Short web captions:
>>>

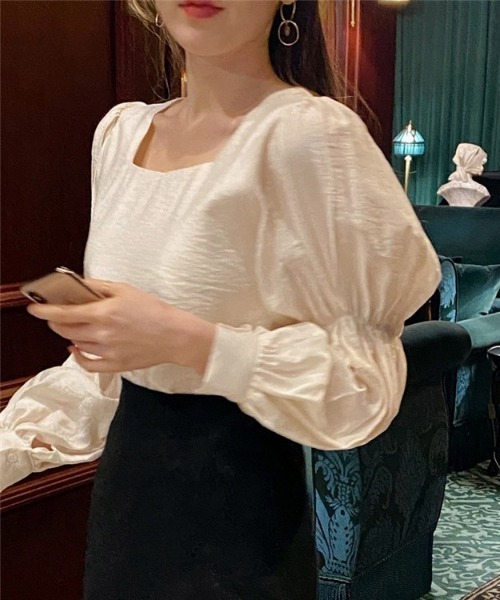 SONA（ソナ）の「SONYUNARA スクエアネックパフブラウス（シャツ/ブラウス・レディース・クリーム・FREE）」の9枚目の写真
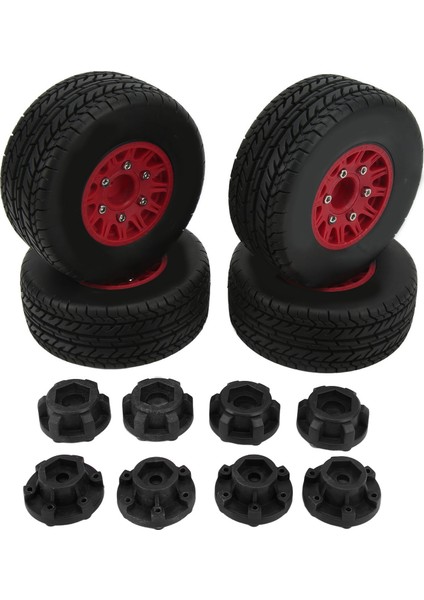 Rc Kısa Kulvar Kamyon Lastiği S Güçlü Yastıklama 1/10 Rc Kısa Kulvar Kamyon Tekerleği Için Hex Adaptörü ile Arrma Kırmızı (Yurt Dışından)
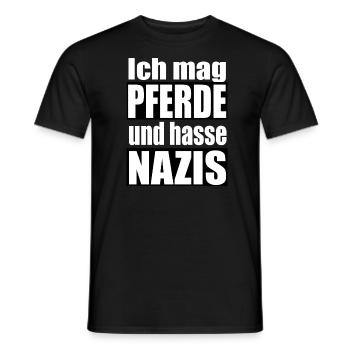 mag Pferde hasse Nazis - Männer T-Shirt - Schwarz - Vorne - AI Model Male 178 light (178cm)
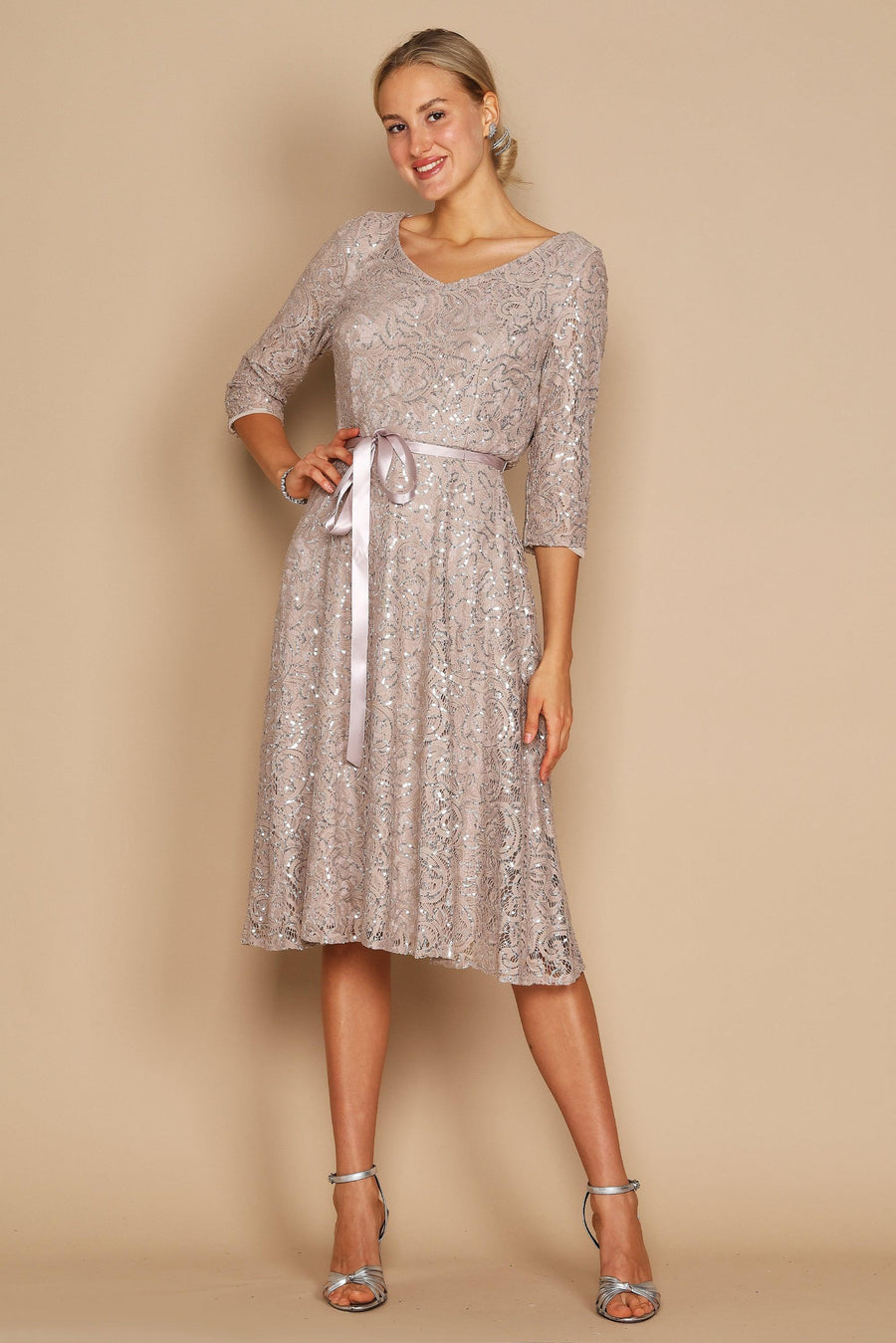Alex Evenings Tea Length Formal Dress 81122482 - The Dress Outlet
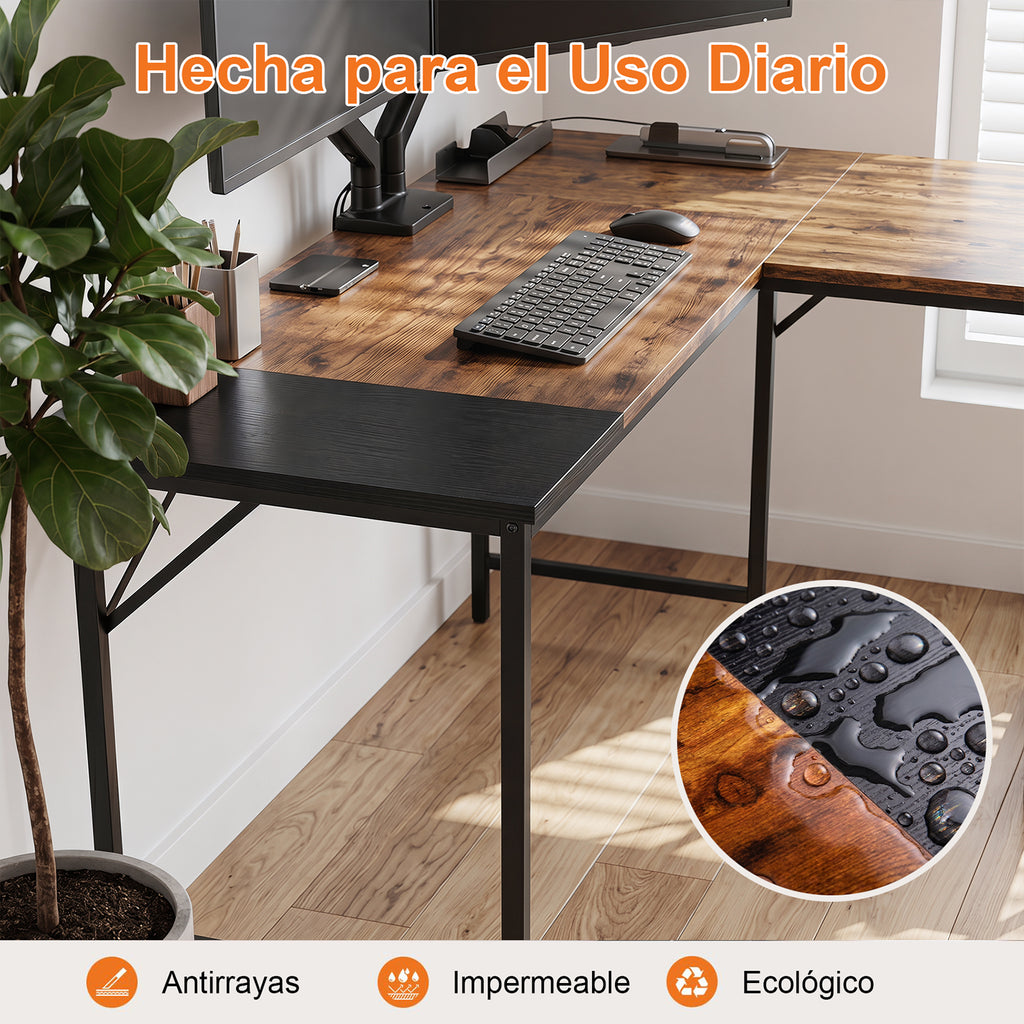 Escritorio Esquinero en L con Repisas de Almacenaje Cafe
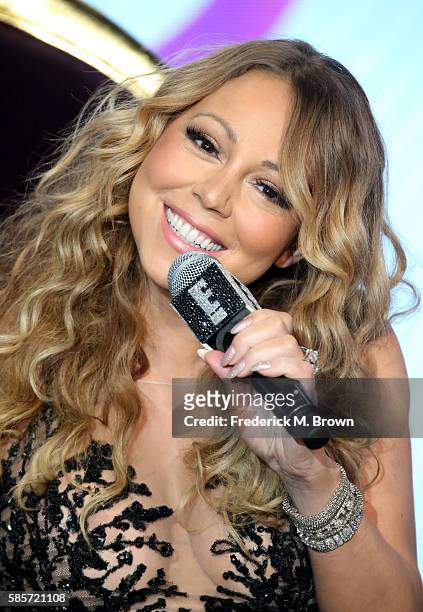 Mariah Carey speaks onstage at the 'Mariah's World' panel discussion during the NBCUniversal portion of the 2016 Television Critics Association...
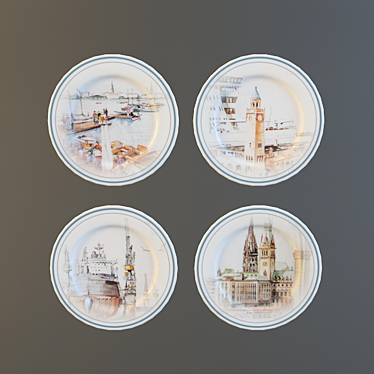 Nautical Decorative Plates with Textures 3D model image 1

<<<

- _Task prompt_
Every record above should be duplicated precisely, with the images removed.

- _Answer space_
 SONA（ソナ）の「SONYUNARA スクエアネックパフブラウス（シャツ/ブラウス・レディース・クリーム・FREE）」の9枚目の写真
 Rc Kısa Kulvar Kamyon Lastiği S Güçlü Yastıklama 1/10 Rc Kısa Kulvar Kamyon Tekerleği Için Hex Adaptörü ile Arrma Kırmızı (Yurt Dışından)
 mag Pferde hasse Nazis - Männer T-Shirt - Schwarz - Vorne - AI Model Male 178 light (178cm)
Alex Evenings Tea Length Formal Dress 81122482 - The Dress Outlet
 Escritorio Esquinero en L con Repisas de Almacenaje Cafe
 Mariah Carey speaks onstage at the 'Mariah's World' panel discussion during the NBCUniversal portion of the 2016 Television Critics Association...
 Nautical Decorative Plates with Textures 3D model image 1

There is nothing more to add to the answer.